Na Finlândia, os Verdadeiros Finlandeses são já a segunda força eleitoral no país (um quinto dos votos nas últimas legislativas) e na Áustria passa-se o mesmo com o Partido da Liberdade. Na Hungria, a Aliança Cívica está no poder com uns confortáveis 44,5%, praticamente os mesmos que a Direcção Social Democrata da Eslováquia. Na Itália, o partido de Beppe Grilo teve 25% e acabou de ganhar a Câmara de Roma. Na Polónia, a Lei e Justiça vale um terço dos votos. Podíamos continuar a listar o peso dos populistas eurocépticos: são 18 os partidos que à esquerda e à direita hostilizam a permanência dos respectivos países na União.
A investigação de Pedro Magalhães sobre a evolução do Eurobarómetro mostra como a confiança no projecto europeu é altamente influenciada pelos factores conjunturais, mostrando, por exemplo, em Portugal e Espanha que a desconfiança e desilusão estão directamente relacionadas com a prosperidade ou escassez económica. O investigador gosta de resumir a conclusão numa frase simples. Os inquiridos não aferem a sua adesão ao projecto, respondem apenas à pergunta: “O que é que a Europa fez por mim nos últimos meses?”. Este referendo (a mais fidedigna das sondagens) surgiu na altura errada. Os britânicos responderam “pouco”. Fosse no Eurobarómetro e não era grave. Nas urnas foi.
E Portugal? Sejamos optimistas: comecemos por nos convencer que pode sempre ser pior. Sobretudo se os planos B (do BCE, bancos centrais, grandes investidores, etc.), que só hoje saíram das gavetas, acabarem por se mostrar a prazo ineficazes. Não nos iludamos com a aparente sucesso do primeiro dia em que se foi capaz de travar as quedas nas bolsas, a subida dos juros e a escalada do euro. Confiemos para já.

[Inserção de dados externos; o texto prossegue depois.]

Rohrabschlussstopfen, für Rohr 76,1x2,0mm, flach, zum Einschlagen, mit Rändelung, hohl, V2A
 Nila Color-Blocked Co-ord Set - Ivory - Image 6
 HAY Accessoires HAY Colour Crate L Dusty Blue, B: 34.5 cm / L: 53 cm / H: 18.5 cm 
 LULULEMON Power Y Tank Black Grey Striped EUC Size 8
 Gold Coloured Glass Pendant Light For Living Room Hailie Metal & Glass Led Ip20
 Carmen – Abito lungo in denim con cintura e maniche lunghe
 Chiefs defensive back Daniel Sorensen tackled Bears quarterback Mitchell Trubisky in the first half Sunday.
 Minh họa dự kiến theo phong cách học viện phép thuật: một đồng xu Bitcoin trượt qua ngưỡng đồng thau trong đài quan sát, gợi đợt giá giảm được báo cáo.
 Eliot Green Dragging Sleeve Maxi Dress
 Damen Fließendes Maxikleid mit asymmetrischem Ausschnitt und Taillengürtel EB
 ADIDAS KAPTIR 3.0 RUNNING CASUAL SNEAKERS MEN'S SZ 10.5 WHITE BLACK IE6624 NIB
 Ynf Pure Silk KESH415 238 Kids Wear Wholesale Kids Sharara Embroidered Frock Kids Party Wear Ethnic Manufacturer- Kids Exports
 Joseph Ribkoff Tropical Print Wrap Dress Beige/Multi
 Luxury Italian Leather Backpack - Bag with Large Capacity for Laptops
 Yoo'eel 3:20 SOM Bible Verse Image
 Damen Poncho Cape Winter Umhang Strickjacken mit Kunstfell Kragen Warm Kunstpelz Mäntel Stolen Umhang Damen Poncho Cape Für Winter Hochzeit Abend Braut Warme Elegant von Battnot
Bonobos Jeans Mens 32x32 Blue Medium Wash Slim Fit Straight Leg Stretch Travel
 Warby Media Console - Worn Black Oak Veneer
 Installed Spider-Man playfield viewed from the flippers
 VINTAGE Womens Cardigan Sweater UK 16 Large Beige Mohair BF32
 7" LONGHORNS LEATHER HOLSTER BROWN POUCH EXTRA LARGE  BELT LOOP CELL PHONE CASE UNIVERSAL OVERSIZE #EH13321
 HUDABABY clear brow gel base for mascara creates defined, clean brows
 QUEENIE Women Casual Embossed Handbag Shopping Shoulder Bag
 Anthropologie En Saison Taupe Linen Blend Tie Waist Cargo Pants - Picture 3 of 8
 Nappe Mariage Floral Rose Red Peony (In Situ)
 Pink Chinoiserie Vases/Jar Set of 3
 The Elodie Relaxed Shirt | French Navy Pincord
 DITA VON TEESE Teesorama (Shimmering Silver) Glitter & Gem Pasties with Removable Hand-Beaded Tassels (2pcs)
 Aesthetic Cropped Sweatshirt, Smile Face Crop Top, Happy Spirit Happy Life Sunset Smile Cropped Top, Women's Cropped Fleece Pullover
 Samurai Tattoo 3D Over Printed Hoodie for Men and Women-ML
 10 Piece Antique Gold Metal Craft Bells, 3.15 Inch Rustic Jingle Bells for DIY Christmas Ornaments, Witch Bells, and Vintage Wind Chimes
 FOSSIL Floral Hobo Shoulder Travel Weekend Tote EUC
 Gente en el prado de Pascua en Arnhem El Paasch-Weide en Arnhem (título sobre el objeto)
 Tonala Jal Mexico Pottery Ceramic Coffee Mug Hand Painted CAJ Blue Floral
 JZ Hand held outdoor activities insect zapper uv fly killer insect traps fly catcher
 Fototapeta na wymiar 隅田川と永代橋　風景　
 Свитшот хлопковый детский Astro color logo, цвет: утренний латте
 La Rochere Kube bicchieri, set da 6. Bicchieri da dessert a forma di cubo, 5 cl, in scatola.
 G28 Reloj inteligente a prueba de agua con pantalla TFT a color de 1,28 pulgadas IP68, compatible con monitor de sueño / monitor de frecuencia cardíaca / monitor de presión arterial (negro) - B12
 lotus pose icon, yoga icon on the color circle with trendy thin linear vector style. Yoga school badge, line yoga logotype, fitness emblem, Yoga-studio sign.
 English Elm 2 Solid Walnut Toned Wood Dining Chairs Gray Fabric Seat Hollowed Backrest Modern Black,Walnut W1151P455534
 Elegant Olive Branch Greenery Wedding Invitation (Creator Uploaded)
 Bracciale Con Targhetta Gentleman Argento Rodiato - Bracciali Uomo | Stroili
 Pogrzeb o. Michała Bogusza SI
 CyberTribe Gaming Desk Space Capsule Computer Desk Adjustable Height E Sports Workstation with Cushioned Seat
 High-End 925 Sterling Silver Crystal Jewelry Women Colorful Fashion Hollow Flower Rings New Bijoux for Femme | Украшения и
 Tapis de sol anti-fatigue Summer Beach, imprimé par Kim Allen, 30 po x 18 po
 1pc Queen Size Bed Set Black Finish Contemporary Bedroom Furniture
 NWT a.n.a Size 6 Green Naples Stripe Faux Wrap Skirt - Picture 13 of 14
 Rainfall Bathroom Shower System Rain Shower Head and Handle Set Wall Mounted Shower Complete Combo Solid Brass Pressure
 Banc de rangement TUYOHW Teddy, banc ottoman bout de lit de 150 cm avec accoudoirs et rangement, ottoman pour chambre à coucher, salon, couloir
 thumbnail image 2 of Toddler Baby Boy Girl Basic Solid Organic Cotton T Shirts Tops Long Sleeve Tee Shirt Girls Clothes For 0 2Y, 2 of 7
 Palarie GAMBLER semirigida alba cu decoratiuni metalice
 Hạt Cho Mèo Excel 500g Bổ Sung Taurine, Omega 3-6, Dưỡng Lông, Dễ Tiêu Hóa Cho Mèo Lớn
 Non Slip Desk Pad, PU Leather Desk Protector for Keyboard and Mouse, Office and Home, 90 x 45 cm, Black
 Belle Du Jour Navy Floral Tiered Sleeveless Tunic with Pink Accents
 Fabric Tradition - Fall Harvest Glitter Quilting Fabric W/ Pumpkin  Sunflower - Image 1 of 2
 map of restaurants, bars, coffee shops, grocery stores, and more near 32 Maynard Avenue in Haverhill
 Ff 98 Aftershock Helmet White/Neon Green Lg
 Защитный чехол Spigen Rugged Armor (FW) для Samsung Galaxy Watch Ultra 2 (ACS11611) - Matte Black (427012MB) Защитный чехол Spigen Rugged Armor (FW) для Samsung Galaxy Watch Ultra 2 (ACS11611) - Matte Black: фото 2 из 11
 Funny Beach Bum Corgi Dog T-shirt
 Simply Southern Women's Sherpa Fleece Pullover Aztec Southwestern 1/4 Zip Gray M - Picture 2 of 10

Certo, certo é que temos o quarto lugar nos estudos conhecidos entre os países que podem ser mais afectados pelo “Brexit”, seguindo o binómio número de emigrantes no Reino Unido e intensidade das relações económicas com a Grã-Bretanha. Pior estão a Irlanda, Chipre e Malta. Temos mais de 800 mil portugueses em Inglaterra e mais de cem mil chegaram nos últimos anos. O Reino Unido é o maior comprador dos nossos serviços (turismo incluído) e o quarto cliente das nossas exportações de bens (7% do total). Também é o nosso segundo maior fornecedor de serviços e o quinto de bens. Por último, é o terceiro país de origem das remessas de emigrantes. Alguém saberá como sair do buraco?